Toorbēsah, white radishes, are grown about the size of an egg, the tops are boiled and eaten as greens. Apples are good and common. Pears are very bad. The quinces and pomegranates are magnificent; the former especially are grown in Ispahan and are of great size and fragrance. They are sent with the Gourg-ab melons all over Persia as presents to grandees.

The bamiah, or lady’s finger, is little grown; it is a nasty slimy vegetable when cooked. Vegetable marrows are common; they generally have the seeds removed, and are filled with spiced and minced meat, and are boiled. Gourds of many forms are found, and used as vessels for oil, etc. Walnuts and almonds are plentiful, also filberts. There are no chestnuts in the south.

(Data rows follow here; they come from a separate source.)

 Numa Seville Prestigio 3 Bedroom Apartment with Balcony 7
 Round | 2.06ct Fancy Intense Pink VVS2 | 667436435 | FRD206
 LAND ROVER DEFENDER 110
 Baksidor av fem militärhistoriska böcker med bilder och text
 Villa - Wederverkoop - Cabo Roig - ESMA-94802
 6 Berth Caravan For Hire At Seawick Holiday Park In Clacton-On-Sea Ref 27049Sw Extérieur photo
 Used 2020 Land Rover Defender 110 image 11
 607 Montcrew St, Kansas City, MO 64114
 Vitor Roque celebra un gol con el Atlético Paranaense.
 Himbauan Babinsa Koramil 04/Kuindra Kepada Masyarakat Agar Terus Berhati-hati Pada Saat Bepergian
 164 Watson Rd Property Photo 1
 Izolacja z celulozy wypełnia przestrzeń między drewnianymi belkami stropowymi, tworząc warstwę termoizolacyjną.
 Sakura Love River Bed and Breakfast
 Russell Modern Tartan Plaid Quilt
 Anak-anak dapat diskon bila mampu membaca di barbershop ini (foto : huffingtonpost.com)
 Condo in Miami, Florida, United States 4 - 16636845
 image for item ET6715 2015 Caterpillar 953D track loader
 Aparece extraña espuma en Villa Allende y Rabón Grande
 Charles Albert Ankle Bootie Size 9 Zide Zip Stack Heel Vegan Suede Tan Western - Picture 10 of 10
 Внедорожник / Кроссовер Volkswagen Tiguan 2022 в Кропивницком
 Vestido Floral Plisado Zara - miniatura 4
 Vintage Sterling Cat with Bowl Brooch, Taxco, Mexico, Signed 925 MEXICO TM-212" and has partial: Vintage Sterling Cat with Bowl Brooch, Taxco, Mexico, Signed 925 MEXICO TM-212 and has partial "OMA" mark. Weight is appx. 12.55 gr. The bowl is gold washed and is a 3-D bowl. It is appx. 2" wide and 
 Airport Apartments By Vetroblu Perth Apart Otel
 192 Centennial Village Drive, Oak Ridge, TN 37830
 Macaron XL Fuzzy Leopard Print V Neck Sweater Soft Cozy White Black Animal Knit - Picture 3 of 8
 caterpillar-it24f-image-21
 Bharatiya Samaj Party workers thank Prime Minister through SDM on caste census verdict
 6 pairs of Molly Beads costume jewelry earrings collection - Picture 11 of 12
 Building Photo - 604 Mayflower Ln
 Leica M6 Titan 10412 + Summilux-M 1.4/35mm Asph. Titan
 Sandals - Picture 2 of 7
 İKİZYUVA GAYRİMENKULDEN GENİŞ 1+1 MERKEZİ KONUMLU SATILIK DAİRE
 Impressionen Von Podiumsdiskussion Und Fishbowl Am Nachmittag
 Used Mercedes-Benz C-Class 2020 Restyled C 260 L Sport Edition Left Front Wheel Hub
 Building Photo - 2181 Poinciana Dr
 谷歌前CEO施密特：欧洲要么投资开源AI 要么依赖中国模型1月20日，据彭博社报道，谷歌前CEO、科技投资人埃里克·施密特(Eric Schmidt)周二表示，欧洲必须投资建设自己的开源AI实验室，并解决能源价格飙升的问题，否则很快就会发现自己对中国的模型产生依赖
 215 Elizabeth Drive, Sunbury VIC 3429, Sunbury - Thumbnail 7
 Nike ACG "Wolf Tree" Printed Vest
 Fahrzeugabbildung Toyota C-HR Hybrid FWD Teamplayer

Some thirty varieties of grape are raised; some are merely used for pickling, others for eating, and some only for wine-making. The best eating grapes are the Ascari. This is the first good grape to ripen; it is a smallish white grape, globular, bright golden colour, very delicious, and the skin, being very thin, is swallowed.

Kishmish, a delicious grape, of white elongated shape, also small, and very sweet, both eaten and used for wine-making. When dried this is the sultana raisin, stoneless, the skin very thin.

Riech-i-baba, or “old man’s beard,” a long white grape, very sweet and delicious in flavour. Some varieties of this have tiny stones, others large; they are both red and white. Some are two and a half inches long. The Persians, when the price of grapes is very low, and they are unable to dispose of them, boil them down to obtain the grape-sugar, which is sold all over Persia and eaten in lieu of sugar; it is called “sheera.”

With vinegar this forms circa-sheera, a sour-sweet liquid, in which various pickles are preserved, as grapes, apples, lemons.

I have mentioned that grapes are used in some places as horse-feed.

The variety in Persian pickles is infinite, from grapes, walnuts, almonds, peppers, onions, oranges, and lemons, green fruits, etc.; a long list of conserves are produced.

All the fruits grown in England are found in Persia, save only the currant, gooseberry, and raspberry.